[Problem details]
Beginning at the line containing "BMW X3 2020, фото", give again every line through the end of the data, unchanged and with both ends included. Drop any pictures.

*****

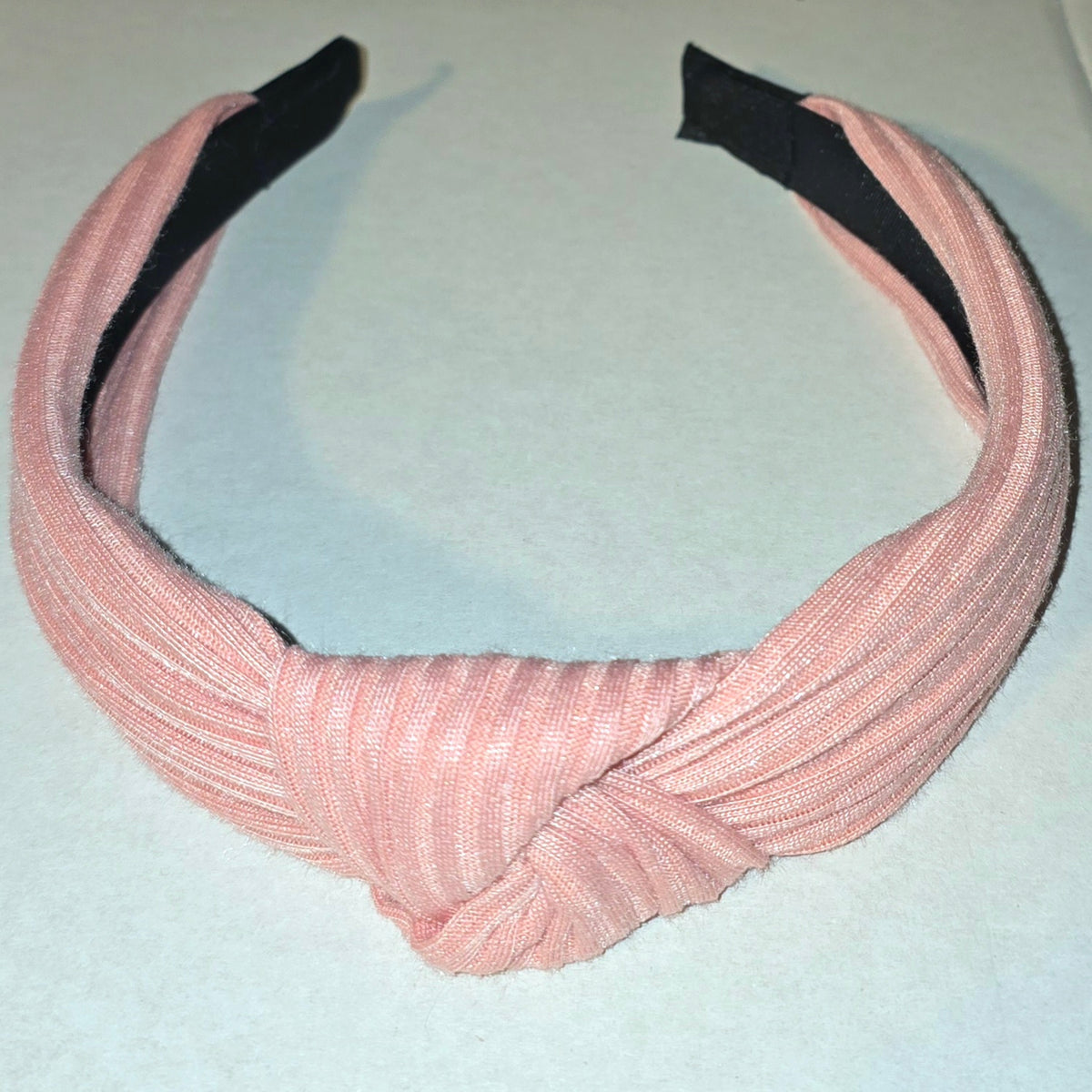 Firm Knotted Headband Pink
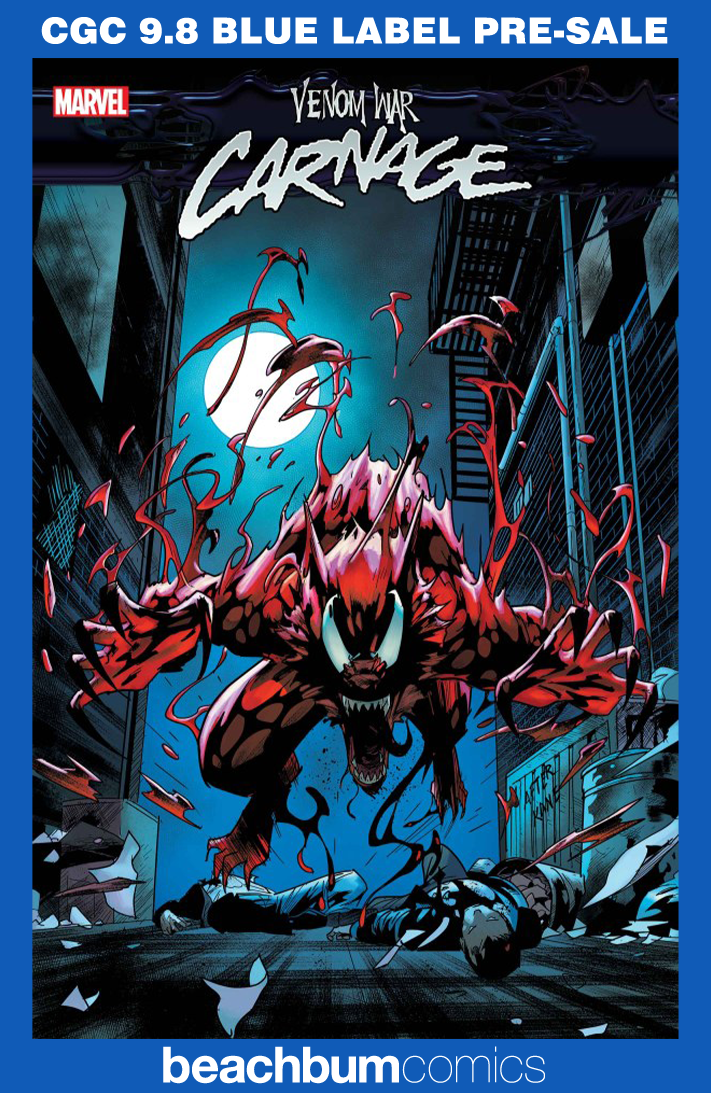 Venom War: Carnage #1 Bazaldua Variant CGC 9.8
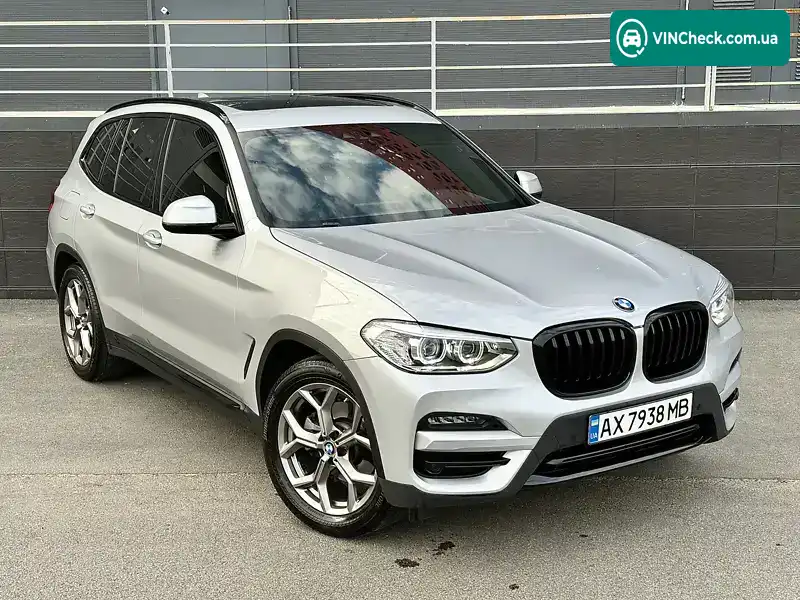 BMW X3 2020, фото з оголошення 1 з 21, VIN 5UXTY3C03L9D06937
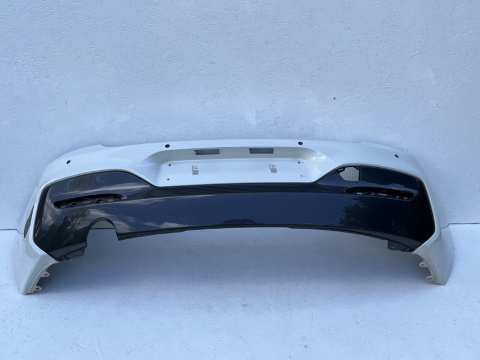 BMW 1er F20 LCI m paket stoßstange hinten rear bumper Original m2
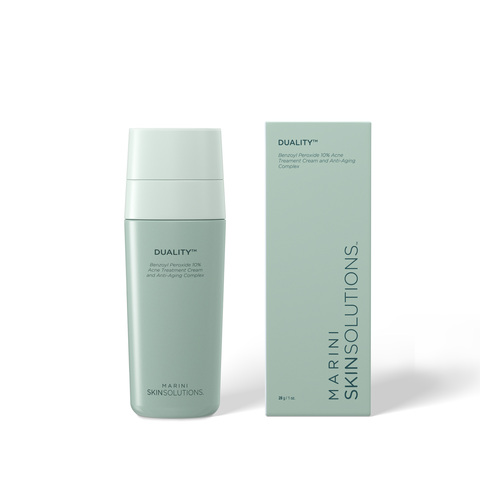 MARINI SKINSOLUTIONS Крем-акселератор с ретинолом 0,6% для решения проблем возрастного акне | Age Intervention Duality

*****

[Worked solution]
 BMW X3 2020, фото з оголошення 1 з 21, VIN 5UXTY3C03L9D06937
 BMW 1er F20 LCI m paket stoßstange hinten rear bumper Original m2
 MARINI SKINSOLUTIONS Крем-акселератор с ретинолом 0,6% для решения проблем возрастного акне | Age Intervention Duality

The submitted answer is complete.